## Work request
In the records below, find the line with "Bullet Journal Stickerbuch", then copy each line exactly until you have copied the line with "allureville シフリー刺繍ブラウス ブラック (95)". Leave any picture out.

(Material to process)

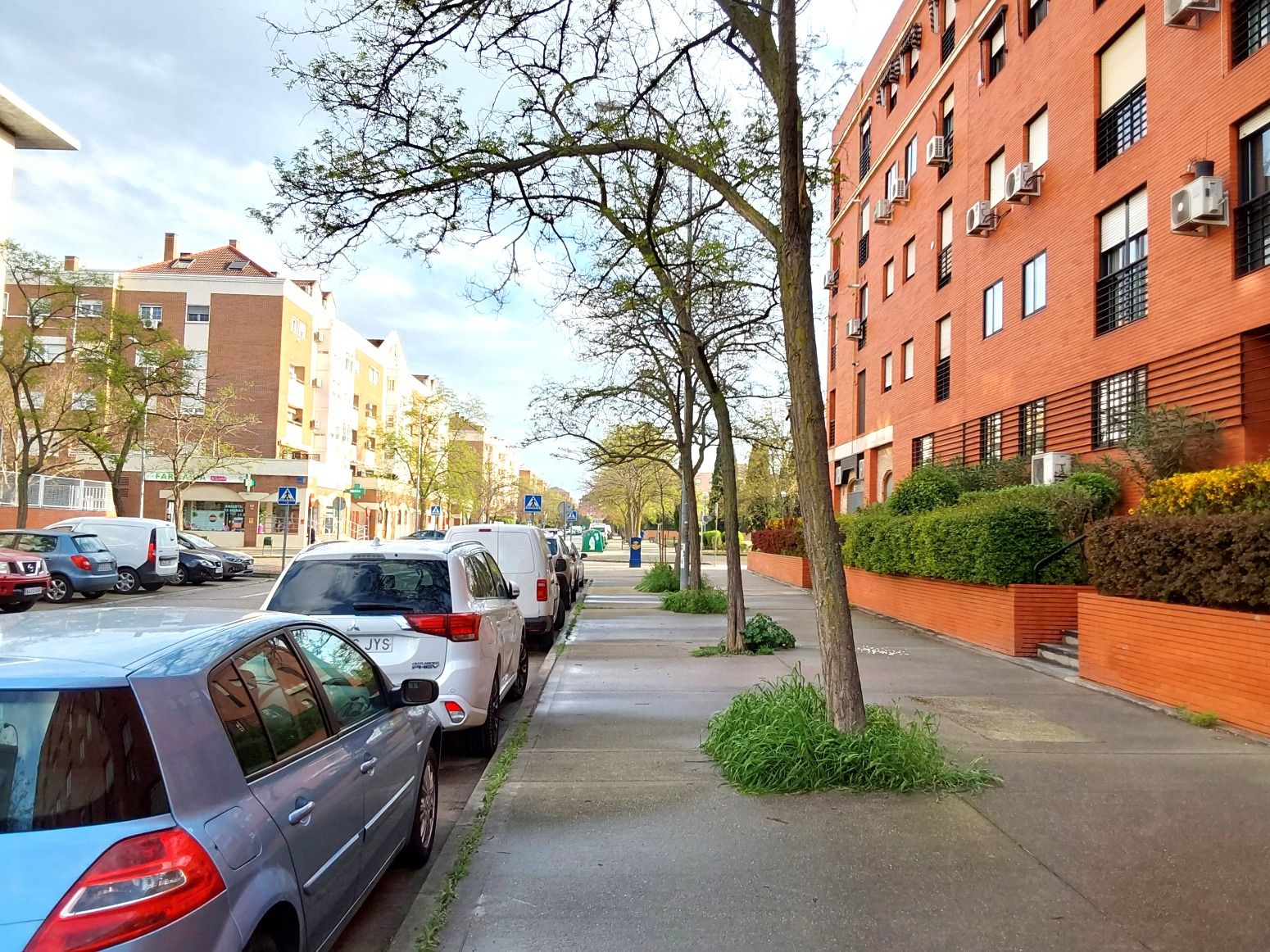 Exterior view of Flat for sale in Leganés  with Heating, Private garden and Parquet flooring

(End Material to process)
(Material to process)

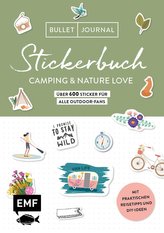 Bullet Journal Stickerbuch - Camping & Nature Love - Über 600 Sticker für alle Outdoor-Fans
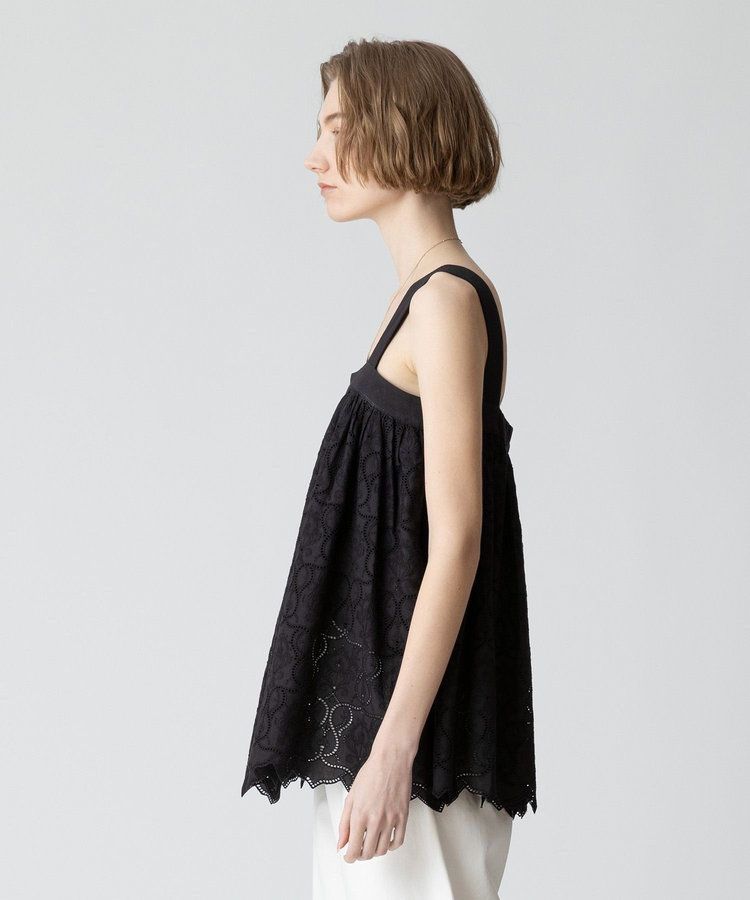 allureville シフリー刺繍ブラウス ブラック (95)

(End Material to process)

## Response to this task
 Bullet Journal Stickerbuch - Camping & Nature Love - Über 600 Sticker für alle Outdoor-Fans
 allureville シフリー刺繍ブラウス ブラック (95)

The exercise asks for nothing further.